> _Task prompt_
For the records below, print the lines from the line with "Đèn Năng Lượng" through the line with "Canhoto 167396793" exactly as written; include both end lines and exclude the rest.

> _Data extract_

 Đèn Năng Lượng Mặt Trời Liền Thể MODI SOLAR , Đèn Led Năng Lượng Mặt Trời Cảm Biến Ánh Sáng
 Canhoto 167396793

* * *

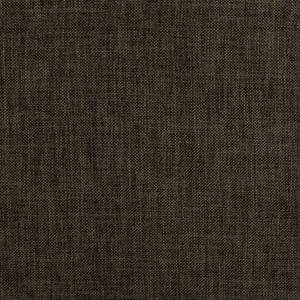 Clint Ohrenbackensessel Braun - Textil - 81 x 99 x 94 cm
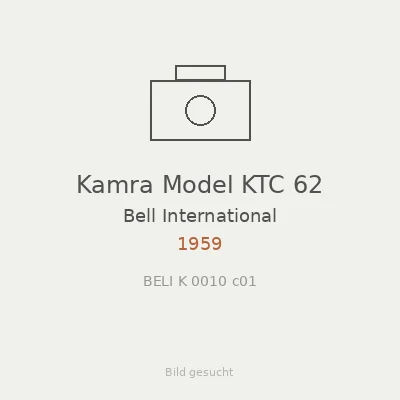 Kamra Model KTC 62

--

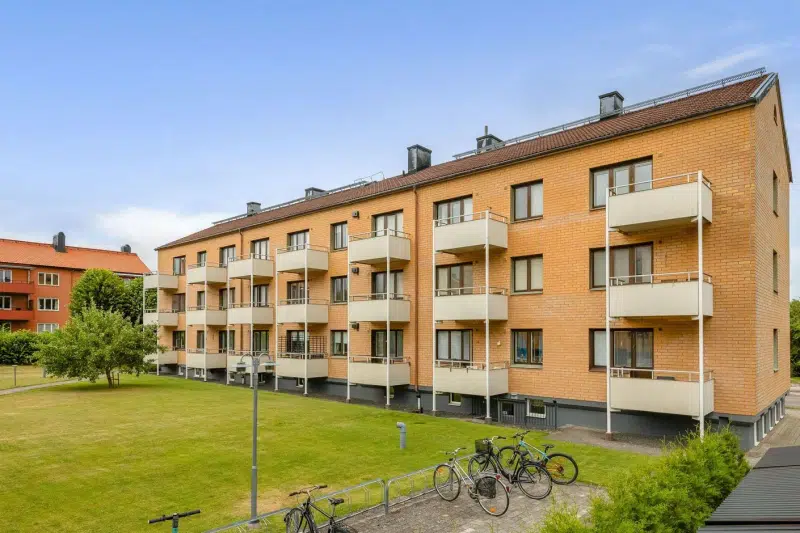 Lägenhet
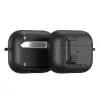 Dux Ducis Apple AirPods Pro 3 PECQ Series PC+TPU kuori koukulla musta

> _Response to the exercise_
 Đèn Năng Lượng Mặt Trời Liền Thể MODI SOLAR , Đèn Led Năng Lượng Mặt Trời Cảm Biến Ánh Sáng
 Canhoto 167396793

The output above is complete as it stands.